Geography, in Northern Utah, is a huge blessing and something of a curse.
“Our natural beauty in Utah—which provides for that sought-after healthy lifestyle—is an economic advantage for us, and one that other metropolitan areas can’t match,” says Marty Carpenter, spokesperson for the Salt Lake Chamber.
But the state’s high-elevation mountain ranges and low-lying valleys create an inescapable problem: when the weather conditions are right, valley air becomes trapped while pollutants build up to higher and higher concentrations.
On particularly bad winter days, the air quality in the Wasatch region is the worst in the country, according to tracking by the Environmental Protection Agency (EPA). On the most severe air quality days, pollution levels spike to more than double the EPA recommendations.
It doesn’t help that there are five oil refineries along the northern Salt Lake Valley and Kennecott Utah Copper on the southwestern edge—not to mention the hundreds of thousands of cars on the road each day.

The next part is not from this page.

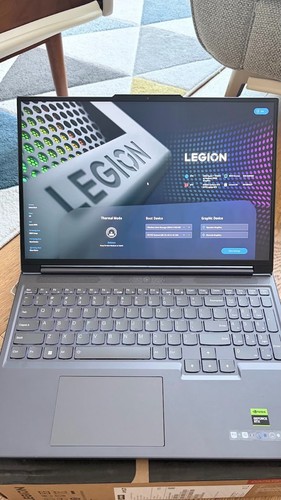 Lenovo legion slim - 5, 16"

The Utah Division of Air Quality tracks 100 companies and organizations as the largest pollution emitters, says Bryce Bird, director of the division. These sources include the refineries, power plants, sand and gravel operations, and even the state’s many universities, due to the number and size of buildings on the campuses.
And then there are “area sources,” the general impacts of having nearly 2 million people living along the Wasatch Front and the energy consumed powering their homes and offices.
In the summertime, the major pollution concern is ground-level ozone. In the winter, the biggest problem is fine particulate matter. The EPA tracks two sizes of particulates: PM10, which is about one-seventh the diameter of a human hair, and PM2.5, which is one-thirtieth the diameter of hair.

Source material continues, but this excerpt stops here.